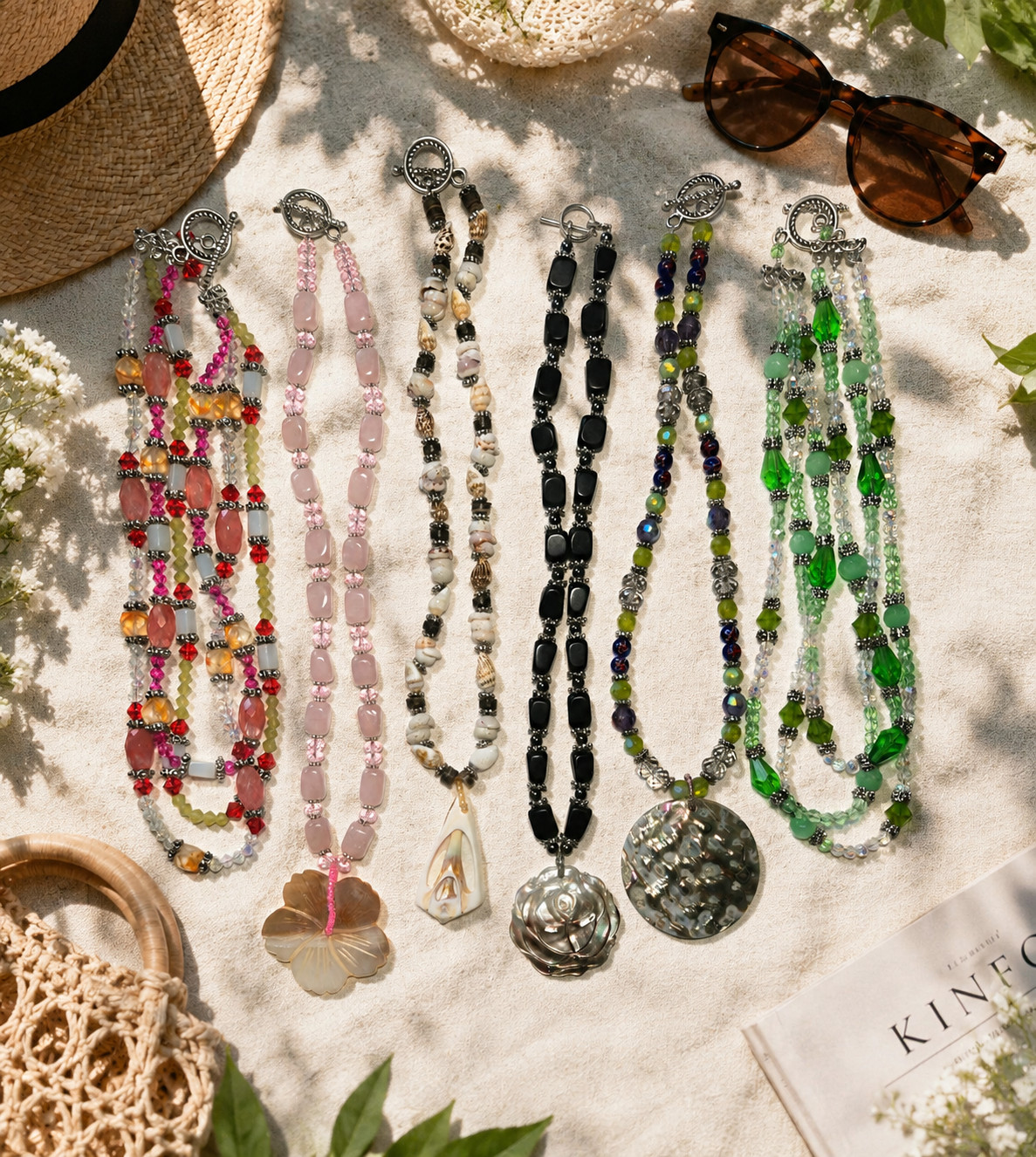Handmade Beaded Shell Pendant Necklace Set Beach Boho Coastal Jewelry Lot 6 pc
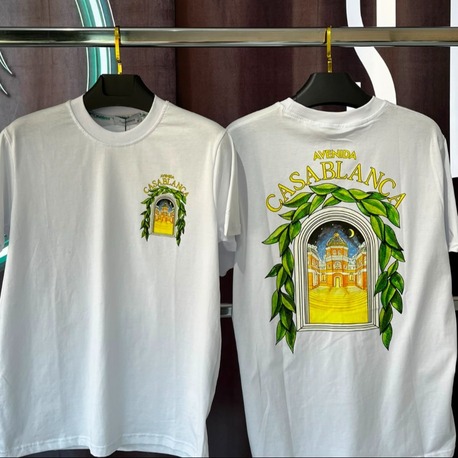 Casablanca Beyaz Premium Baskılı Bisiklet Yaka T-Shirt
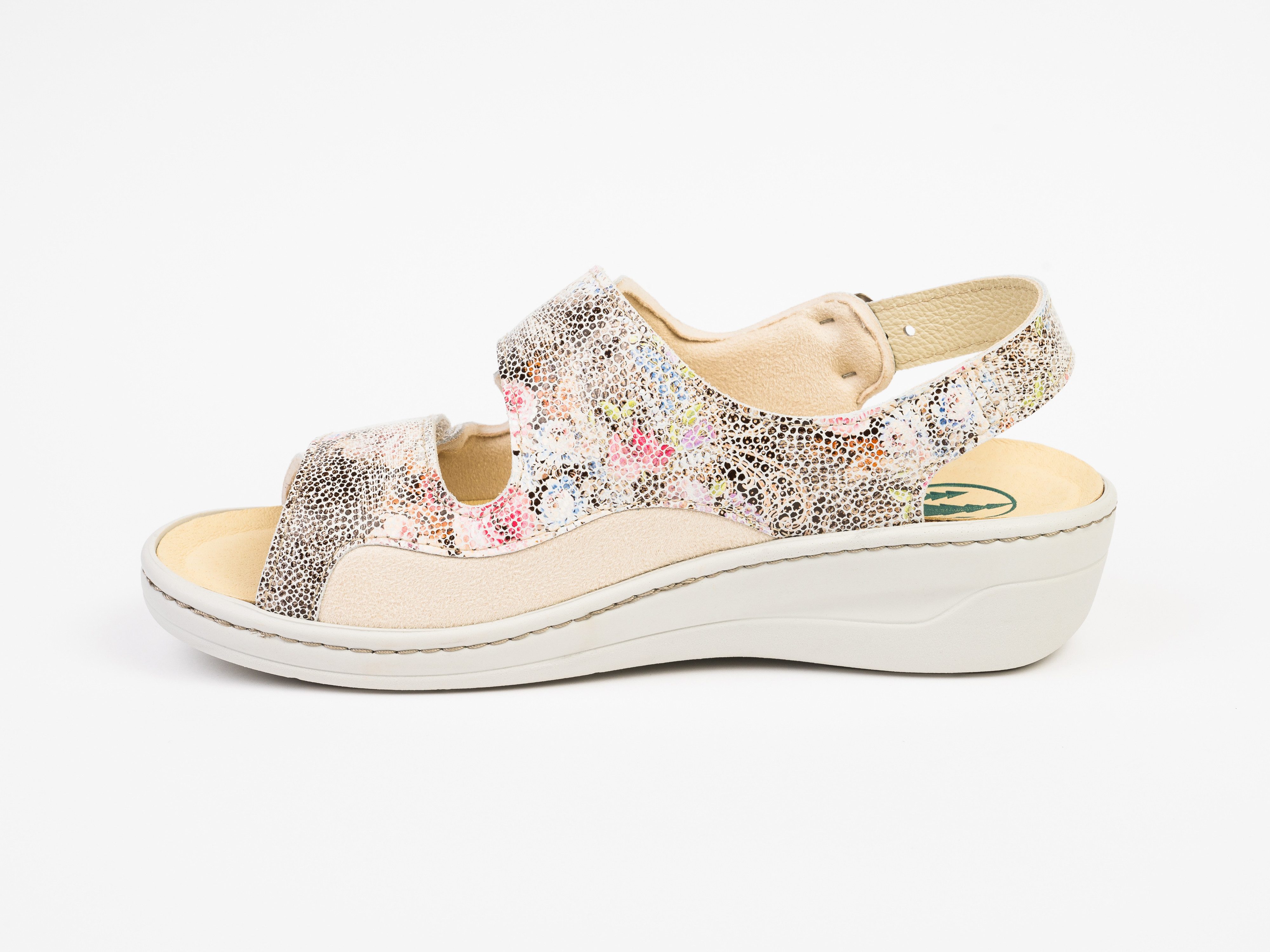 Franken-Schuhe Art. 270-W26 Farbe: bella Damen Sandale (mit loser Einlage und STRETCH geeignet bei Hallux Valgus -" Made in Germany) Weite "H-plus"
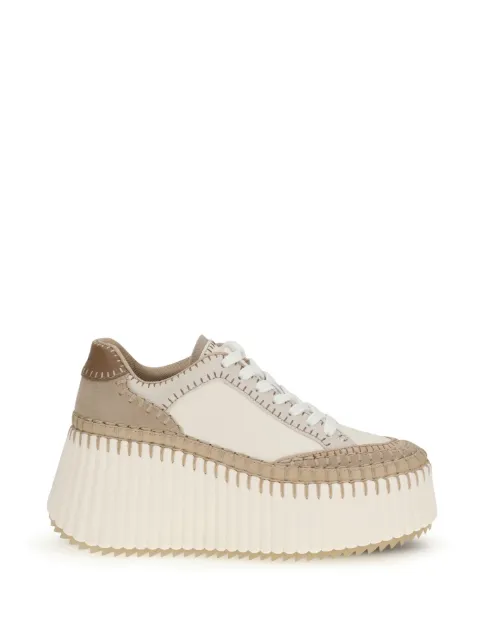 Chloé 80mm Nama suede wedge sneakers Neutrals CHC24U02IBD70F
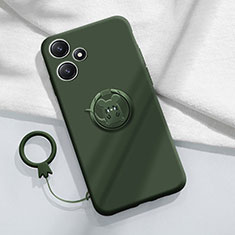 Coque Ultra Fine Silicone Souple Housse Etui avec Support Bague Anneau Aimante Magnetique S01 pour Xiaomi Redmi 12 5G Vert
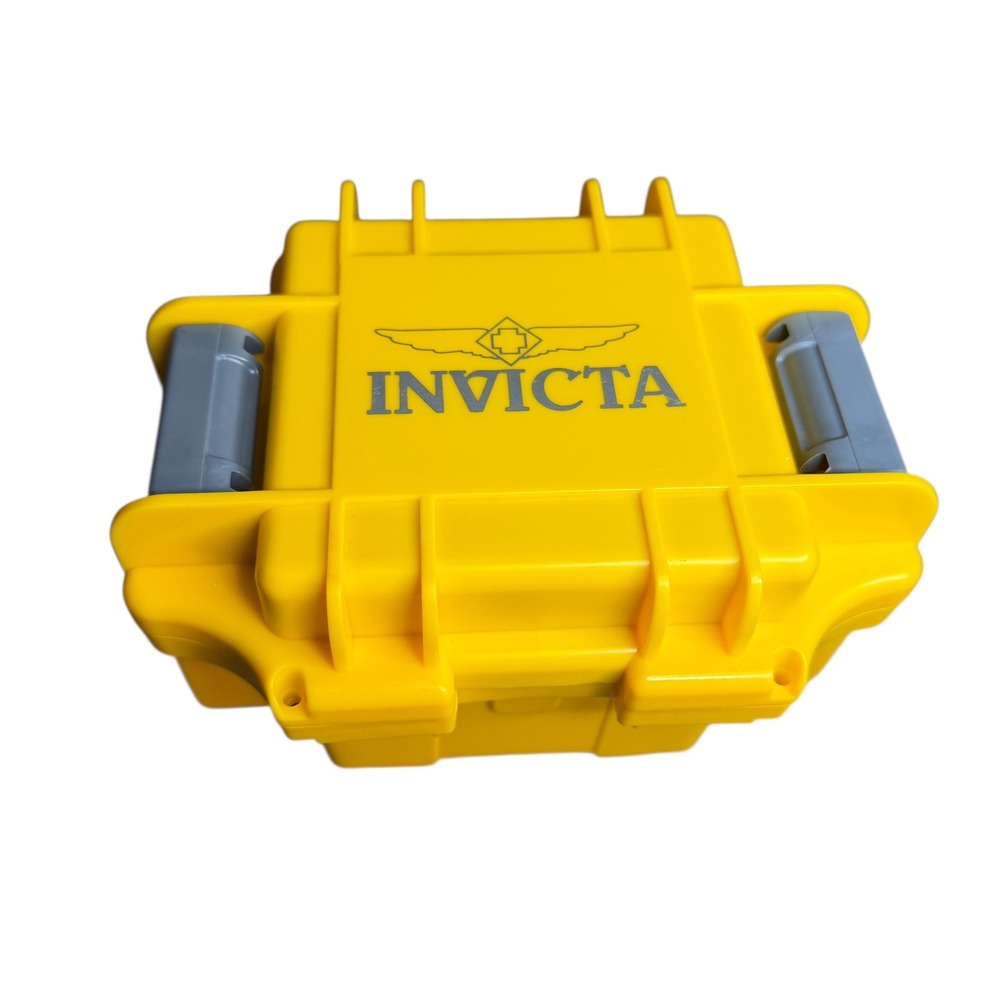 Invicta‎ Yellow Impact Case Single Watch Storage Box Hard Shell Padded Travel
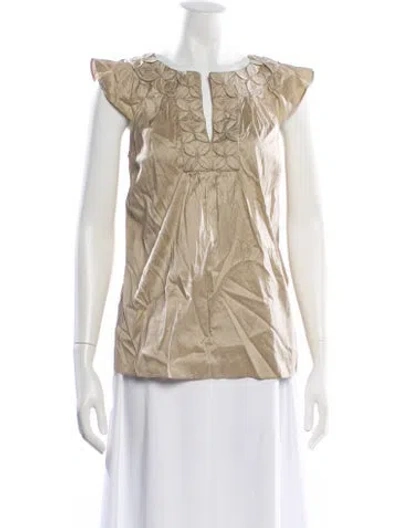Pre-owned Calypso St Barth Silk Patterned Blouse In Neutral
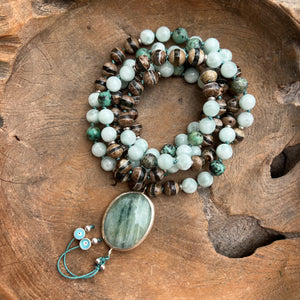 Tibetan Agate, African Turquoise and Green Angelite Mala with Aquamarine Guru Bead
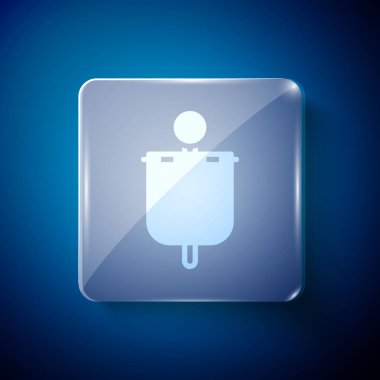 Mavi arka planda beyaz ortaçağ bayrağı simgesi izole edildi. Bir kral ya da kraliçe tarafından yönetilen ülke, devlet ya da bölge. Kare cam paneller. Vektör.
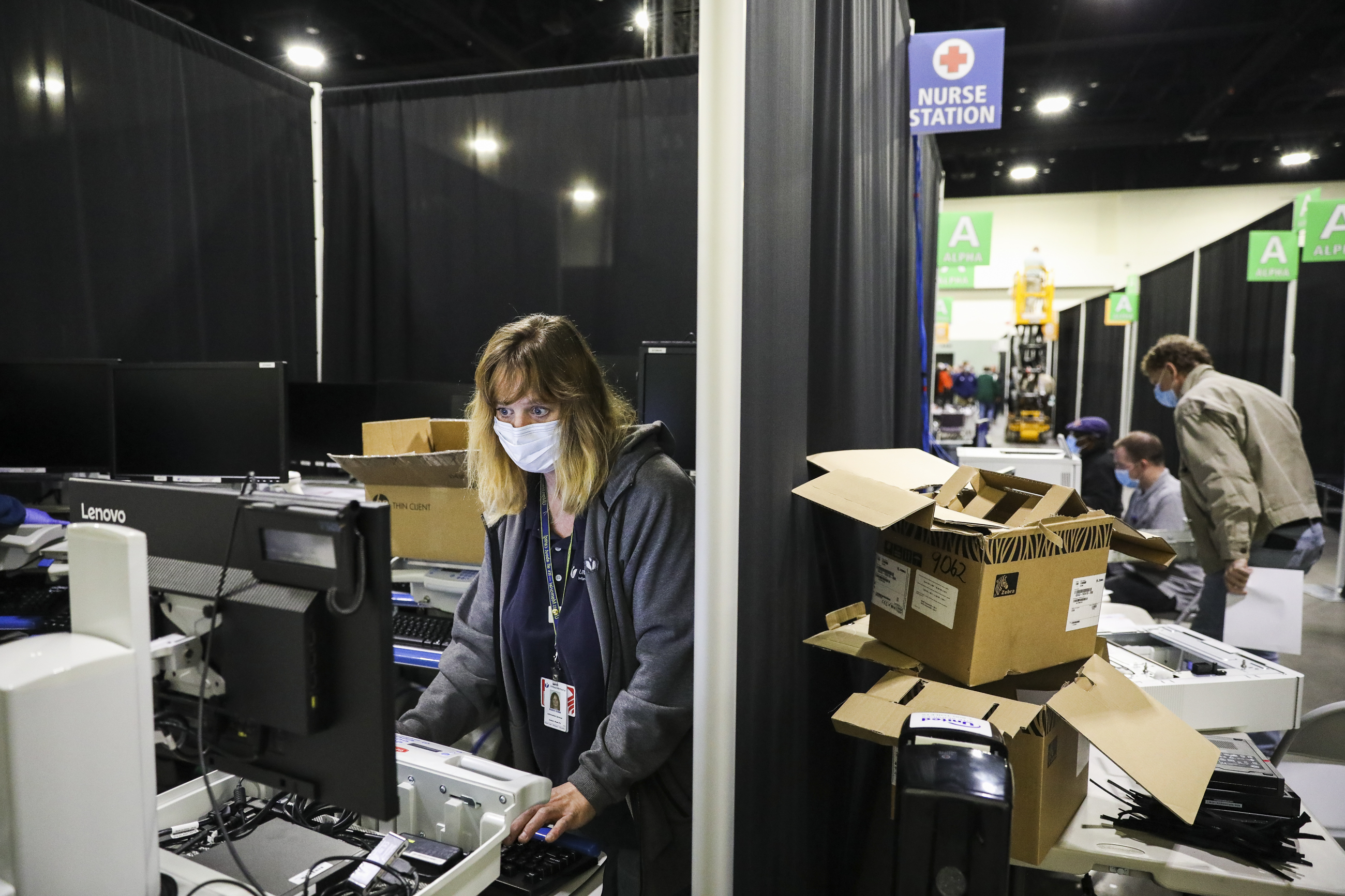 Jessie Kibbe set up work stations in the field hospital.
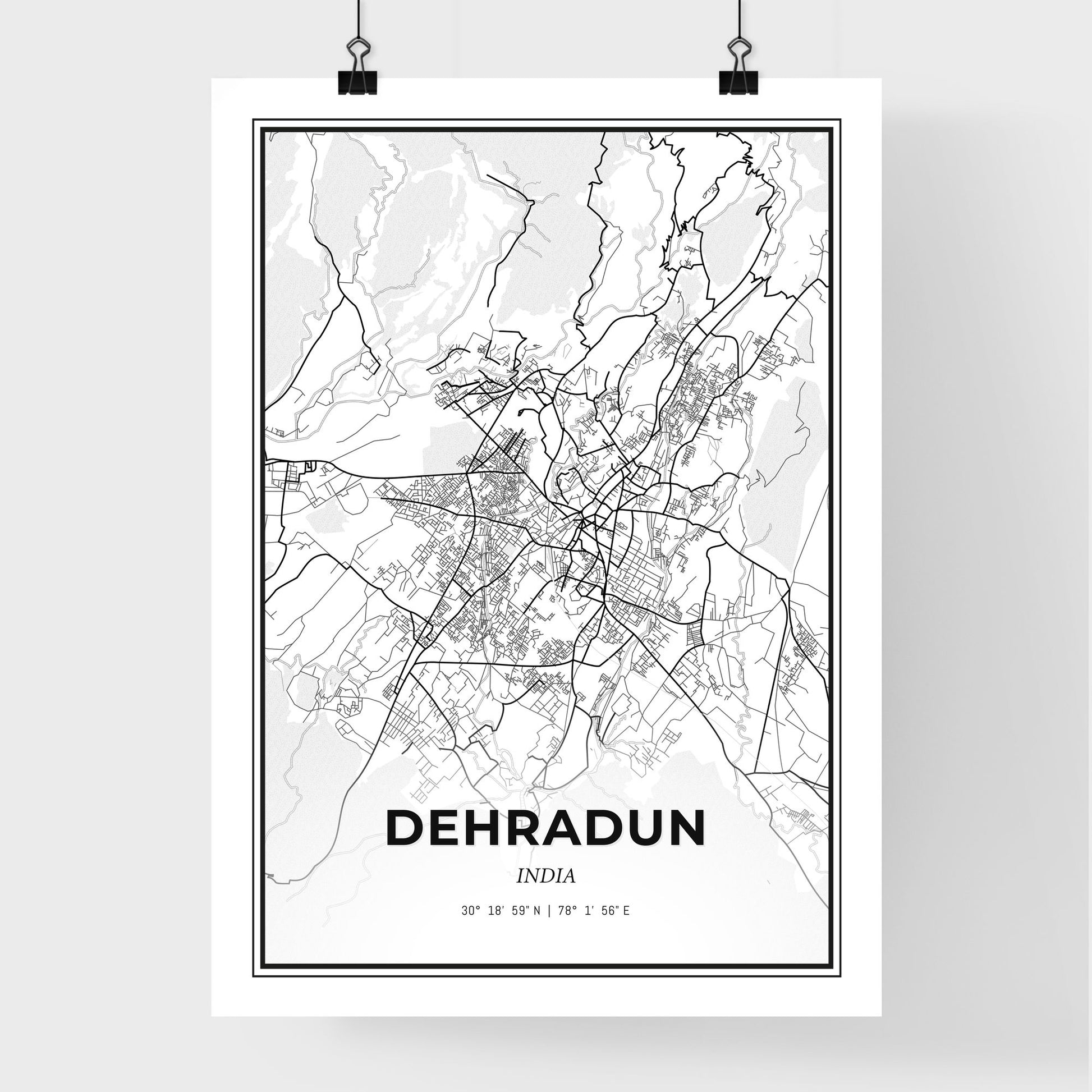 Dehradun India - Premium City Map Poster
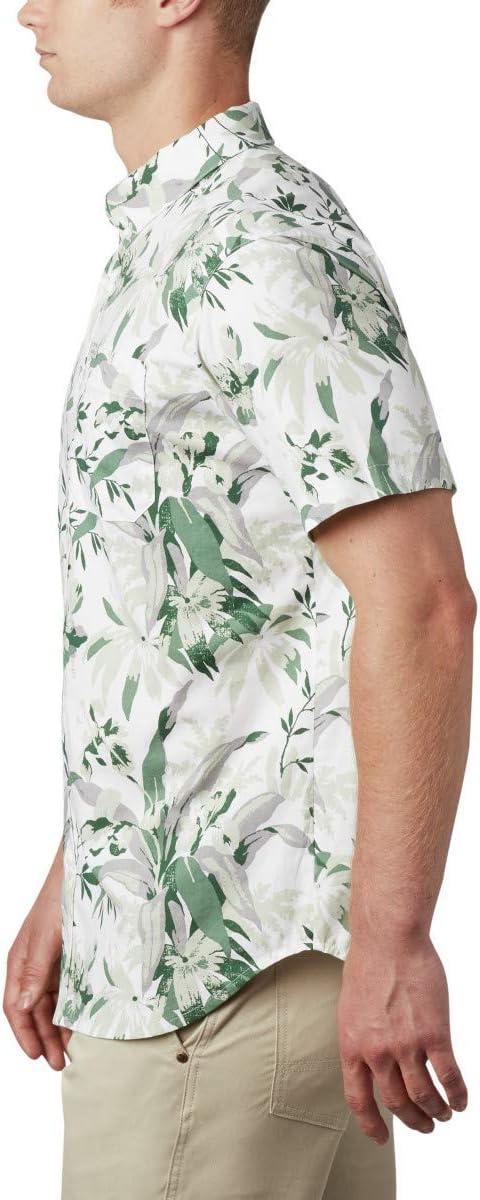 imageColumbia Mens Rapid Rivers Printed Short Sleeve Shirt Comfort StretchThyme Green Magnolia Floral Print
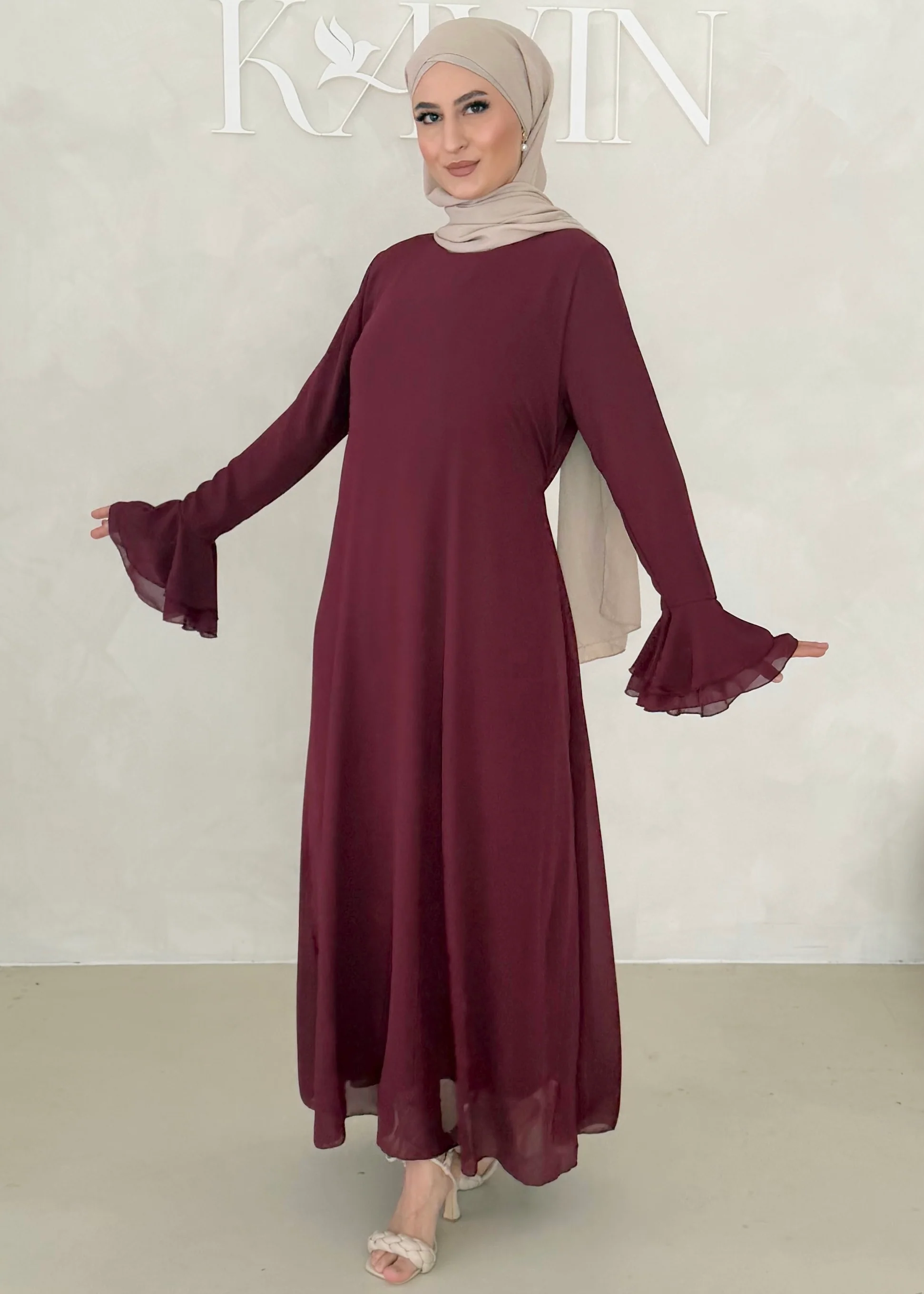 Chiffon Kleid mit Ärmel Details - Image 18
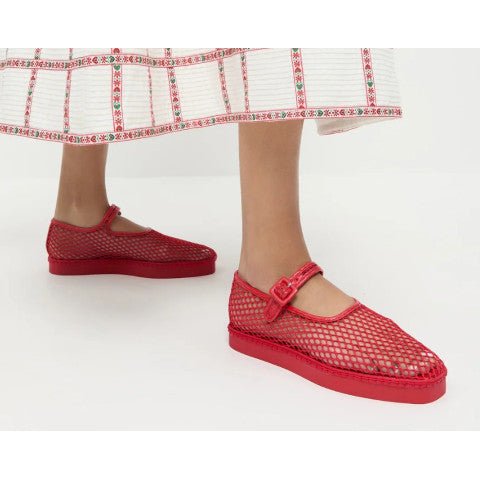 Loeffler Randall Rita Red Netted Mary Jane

*What this task involves*. Copy each entry above exactly; drop the pictures.

*Response*.
Handmade Beaded Shell Pendant Necklace Set Beach Boho Coastal Jewelry Lot 6 pc
 Casablanca Beyaz Premium Baskılı Bisiklet Yaka T-Shirt
 Franken-Schuhe Art. 270-W26 Farbe: bella Damen Sandale (mit loser Einlage und STRETCH geeignet bei Hallux Valgus -" Made in Germany) Weite "H-plus"
 Chloé 80mm Nama suede wedge sneakers Neutrals CHC24U02IBD70F
 Coque Ultra Fine Silicone Souple Housse Etui avec Support Bague Anneau Aimante Magnetique S01 pour Xiaomi Redmi 12 5G Vert
 Invicta‎ Yellow Impact Case Single Watch Storage Box Hard Shell Padded Travel
Pre-owned Calypso St Barth Silk Patterned Blouse In Neutral
 Tibetan Agate, African Turquoise and Green Angelite Mala with Aquamarine Guru Bead
 Mavi arka planda beyaz ortaçağ bayrağı simgesi izole edildi. Bir kral ya da kraliçe tarafından yönetilen ülke, devlet ya da bölge. Kare cam paneller. Vektör.
 Jessie Kibbe set up work stations in the field hospital.
 Dehradun India - Premium City Map Poster
 imageColumbia Mens Rapid Rivers Printed Short Sleeve Shirt Comfort StretchThyme Green Magnolia Floral Print
 Chiffon Kleid mit Ärmel Details - Image 18
 Loeffler Randall Rita Red Netted Mary Jane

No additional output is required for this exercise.